# Information Theory in the world of Machine Learning

## Entropy

The entropy of a random variable is the average level of uncertainty associated with the variables potential state\
The measure of the expected amount of information to describe the state of the variable condisering the distribution of probabilities across all potential states

In [27]:
from typing import List
from math import log2
import numpy as np

def entropy(probabilities: List[float]) -> float:
    
    H = -sum(p * log2(p) for p in probabilities if p > 0)
    
    return np.round(H, 3)
    

In [28]:
probabilities: List[float] = [0.25, 0.25, 0.25,0.25]

try:
    sum(probabilities) == 1
except:
    print("Error: The probabilities are not valid")
    
print(entropy(probabilities=probabilities))
    
    

2.0


## Shanon Entropy

This is the measure of the average amount of information contained in a message\
It quantifies the unpredictability of info content

In [29]:
from typing import Union

def shannon_entropy(data: Union[List[Union[float, str, int]], str])->float:
    
    chars, counts = np.unique(data, return_counts=True)

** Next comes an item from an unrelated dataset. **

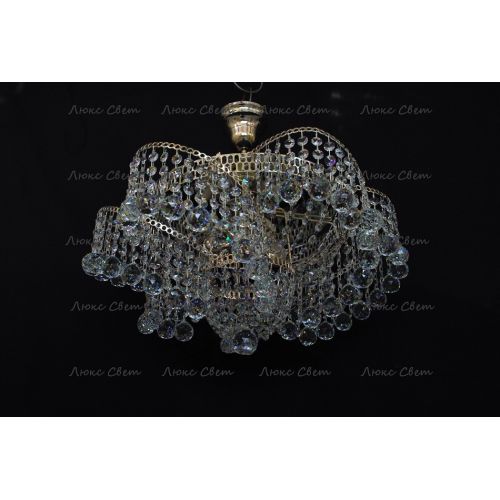 Люстра Космос 3 лампы с подвесом шар в Новокузнецке Гусь Хрустальный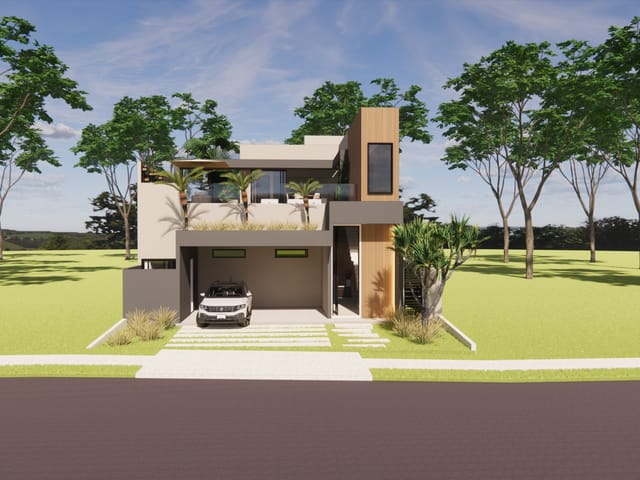 Casa com 330m² 3 quartos e 2 banheiros, à venda, no bairro Parque Brasil 500 em Paulínia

    # Count of the unique characters in the message
    char_counts: list = list(zip(chars, counts))
    print("Count of the unique characters in the message:")
    for char, count in char_counts:
        print(f"('{char}', {count})")

    # Compute Shannon entropy
    probabilities: float = counts / len(data)
    
    return np.round(-np.sum(probabilities * np.log2(probabilities)), 3)

# Example: Calculate Shannon entropy for a text message
message1 = "Hello world"
# Example: Calculate Shannon entropy for a boolean message
message2 = [1,0,1,1,0,1,1,0]

print(f"Shannon entropy of '{message1}': {shannon_entropy(list(message1))} bits")
print(f"Shannon entropy of '{message1}': {shannon_entropy(list(message2))} bits")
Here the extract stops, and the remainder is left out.